Preppy Implosion

Abercrombie & Ditch: The Fall of the House of Tween

For years, Abercrombie & Fitch was the go-to store for teenagers who wanted to buy into its preppy, sexed-up aesthetic. Now, the brand is floundering. How did it go so wrong?

College girls with pillowy lips and goose-pimpled nipples peeking through white tanks. Shirtless bros with pillowy lips and cargo pants pulled down to expose tufts of pubic hair.

These were the pinups of Abercrombie & Fitch in its late ‘90s heyday, when fashion photographer Bruce Weber helped establish the preppy clothing brand’s sexed-up Ivy League aesthetic. The tamer images of fresh-faced models in rugby shirts were plastered on billboards and catalogue covers, while the racier stuff—orgiastic photo spreads of nude and nearly nude models—was marketed as an aspirational lifestyle to teens in A&F Quarterly, a subscription-based magazine that also sold in stores.

The Quarterly launched in 1997 under the direction of the company’s notorious grown-up adolescent, CEO Mike Jeffries, who stepped down on Tuesday after 24 years with the company.

With celebrity interviews and Spring Break cocktail recipes interspersed among naked, nubile young things cuddling Labrador retrievers, the magazine became a popular brand icon and accompanied a period of tremendous financial growth for the company.

Six years later, both the Quarterly and the company went tits up.

By the time the Quarterly ceased publication in December 2003, the multibillion-dollar retail giant’s clothing sales had been nose-diving for months.
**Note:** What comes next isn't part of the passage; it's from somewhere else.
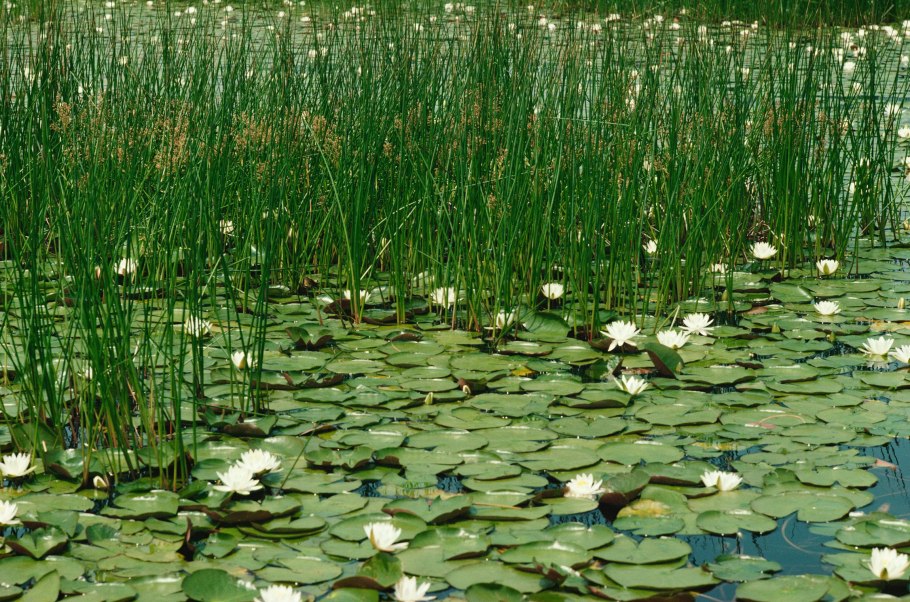 Египетский Лотос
The decline in sales was the nail in the coffin for the magazine, which had withstood years of protest from feminist and religious groups, and the beginning of the end for the brand.
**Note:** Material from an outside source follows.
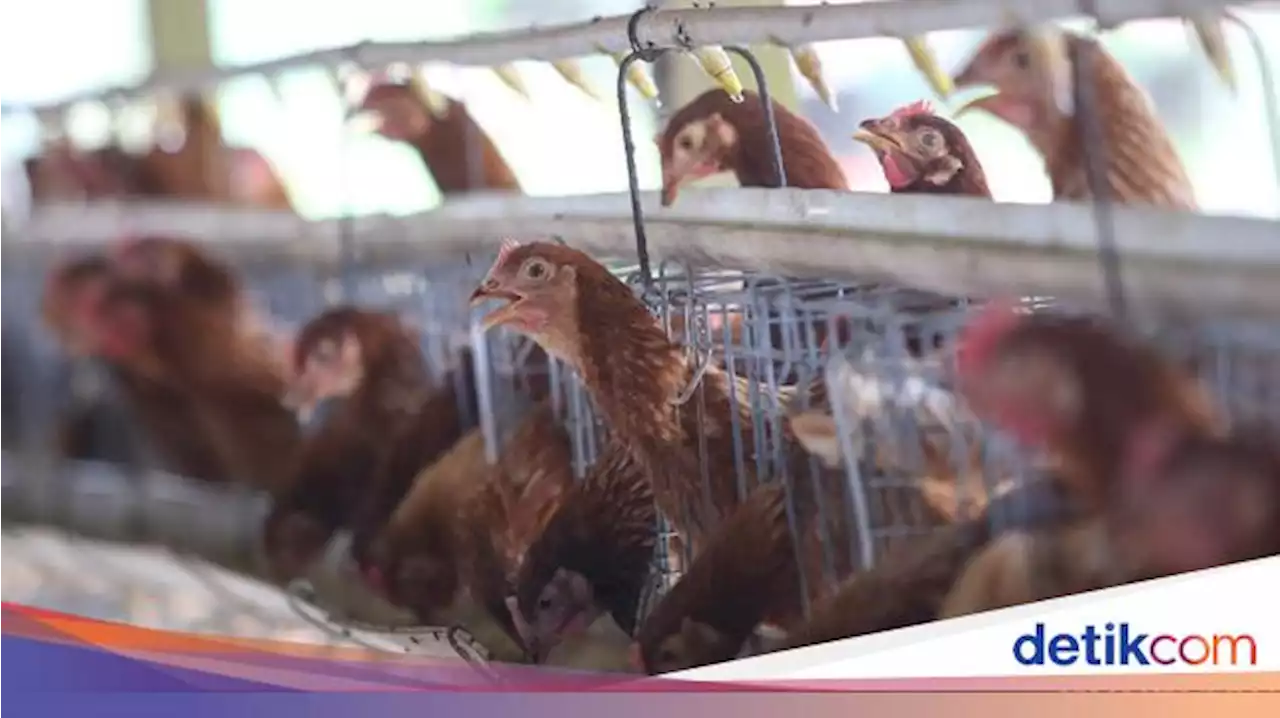 Tolak Ayam Impor dari Brasil, Peternak Kirim Pesan Ini ke Pemerintah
Now, the departure of 70-year-old Jeffries seems 10 years too late. His long-awaited retiring marks the death of a brand that has been stagnant since the early aughts, refusing to adapt to a changing economy and consumer trends.

Indeed, long after logo fetishization went out of style, Abercrombie continued to emblazon its tee shirts with A&F block letters. (It wasn’t until this past August that the company stopped plastering logos on most of its apparel). Other brands began catering to fashion’s emerging obsession with personal style, but Abercrombie persisted unsuccessfully with its collegiate, vintage-preppy aesthetic.
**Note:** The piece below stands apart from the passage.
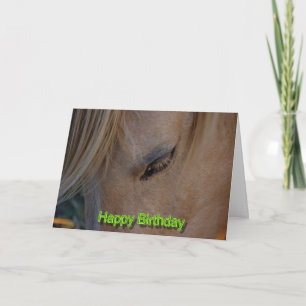 Happy Birthday Horse Birthday mare stallion foal Card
“Fashion today is all about the consumer’s identity, whether that consumer is mixing patterns or designers to fit that identity,” says retail strategist Candace Corlett. “They want their name on the clothes, not the store’s name.”

And while other retailers lowered prices during the recession, Abercrombie didn’t budge. “They essentially said, ‘You will still come to us because you want what we sell,’ and while I think they wanted to maintain their brand’s exclusivity, that just seemed so out of touch,” Corlett says.

So Abercrombie’s clientele became smarter shoppers, filling their closets with affordable, trendy clothes from H&M and Forever21. But as consumers grew up, Abercrombie—much like its Botox-addicted CEO—refused to age with them.

We’ll see if the brand can be resuscitated under new leadership, but Abercrombie’s glory days of selling sex have long since passed. And, thankfully, so too have its less glorious days of selling sex to teenagers who had already declared the brand uncool.